Three songs later – one featuring Tam on the St. Louis wedding-inspired “Tower (Grove) Park” – Rogers was at it again, paying tribute to Whitney Houston with “I Wanna Dance With Somebody.”
But Rogers wasn’t done: After three more songs, she broke out some hip-hop for the Beastie Boys’ “Intergalactic” that was played, as everything else was, with acoustic instrumentation punched up with Jones on kick drum and Rogers on a variety of percussion gadgets.
It was an eye-opening performance by musicians who have an understanding of pacing and dynamics, and the chops and stage presence that makes us hope for a speedy return and a headlining gig of their own.
Moving from Schlafly’s Tap Room on Wednesday to Blueberry Hill’s Duck Room on Thursday brought a different, and louder, vibe. After a solid opening by St. Louis’ Pretty Little Empire, Deano and the Purvs – the spawn of Chicago roots bands the Waco Brothers and the Meat Purveyors – amped up for a set of country and rockabilly flavored rock ‘n’ roll.

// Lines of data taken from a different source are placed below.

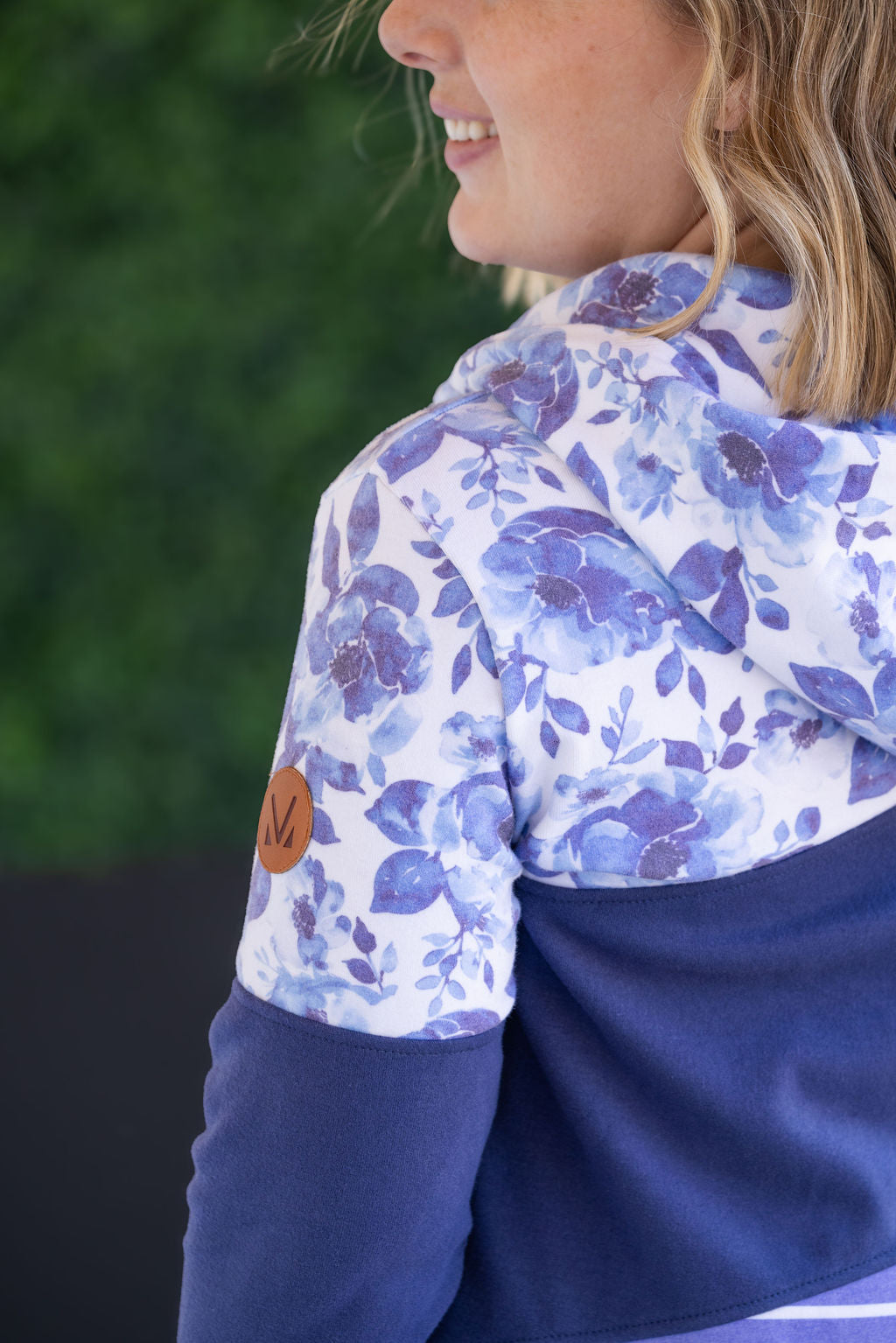 PREBOOK Colorblock Fullzip - Sapphire Floral, Blue, and Stripes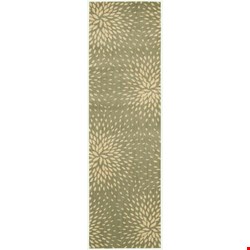 Nourison Capri CAP2 Light Green (99446020420) Runner 2'3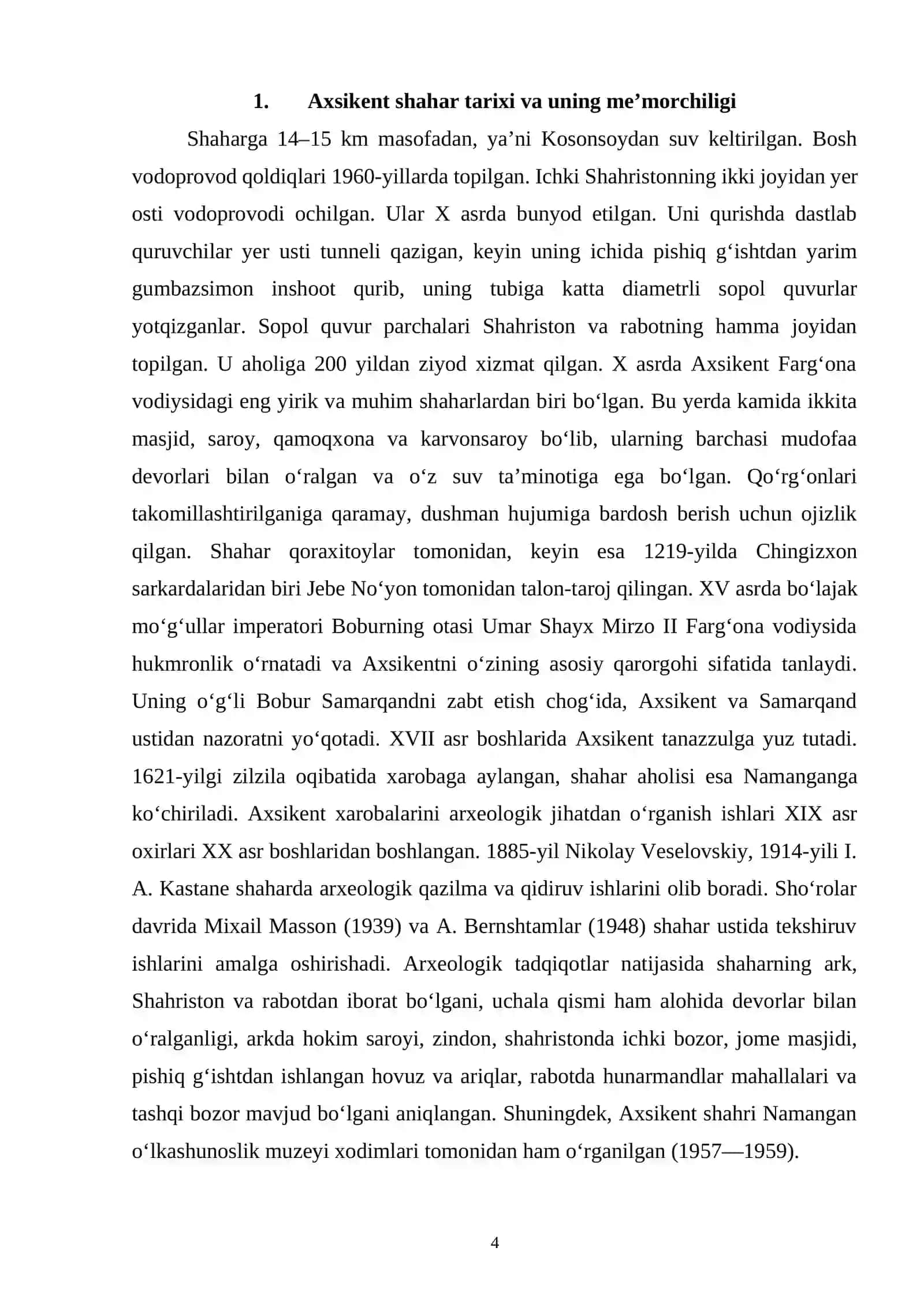 Qadimgi va o'rta asrlarda Axsikent manba va adabiyotlar 4
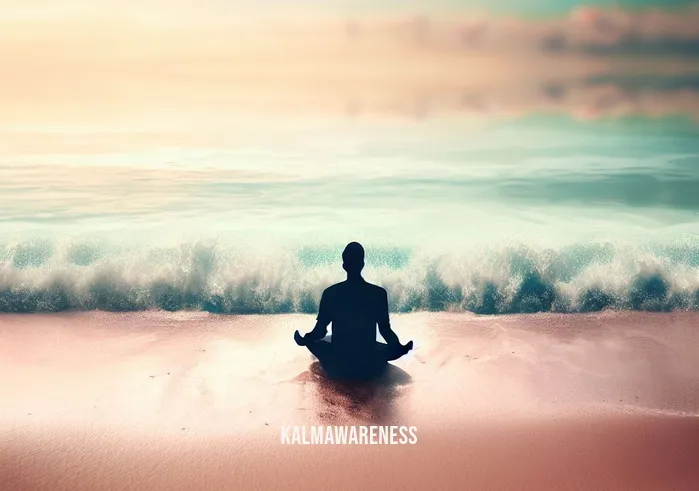 ucsd center for mindfulness _ Image: A serene beach scene with a person meditating peacefully by the shore, waves gently lapping at their feet.Image description: A person finding tranquility and peace through meditation at a beautiful beach.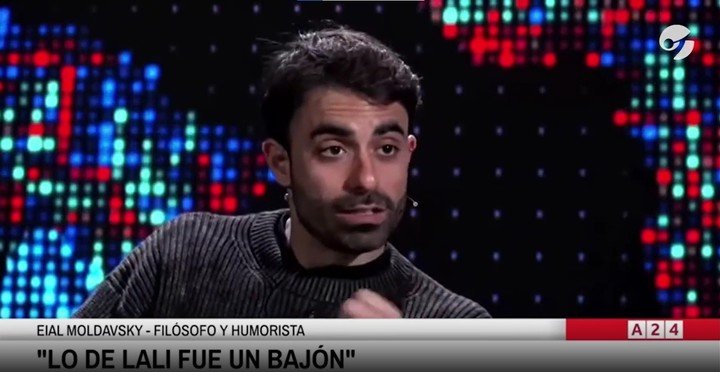 Eial Moldavsky habló con Luis Novaresio sobre la polémica con Lali Espósito. Captura TV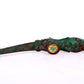 An Archaic Bronze Gold& Turquoise-Inlaid 'Auspicious Beast' Belt-Hook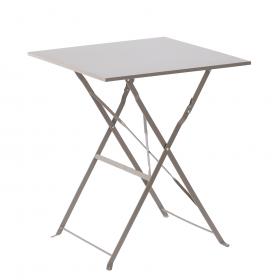 Zestaw Mebli Ogrodowych Garden Line Szary (Stół Kwadratowy + 2 Krzesła)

Deano Waco – aka Dean Schlabowske of Jon Langford’s Waco Brothers – and Jo Walston of the bluegrass Meat Purveyors shared the vocals backed by a combination of players from each band. The six players roared through songs including “Untouchable,” “House at the End of the Line,” “Vacant Lot,” a riff on Bill Monroe’s “Little Red Shoes” and “World’s Oldest Man.”
Deano and the Purvs were propelled by Waco Brothers bassman Alan Doughty, all arms and legs and energy, playing six notes where most would play but one.
Closing the night was the classy Chicago singer Kelly Hogan. The veteran performer, whose new album “I Like to Keep Myself in Pain” is one of the best of the year, was a picture of mixed messages: black jacket-and-skirt power suit from the knees up, sparkly ankle socks and bright red high-heel sandals below.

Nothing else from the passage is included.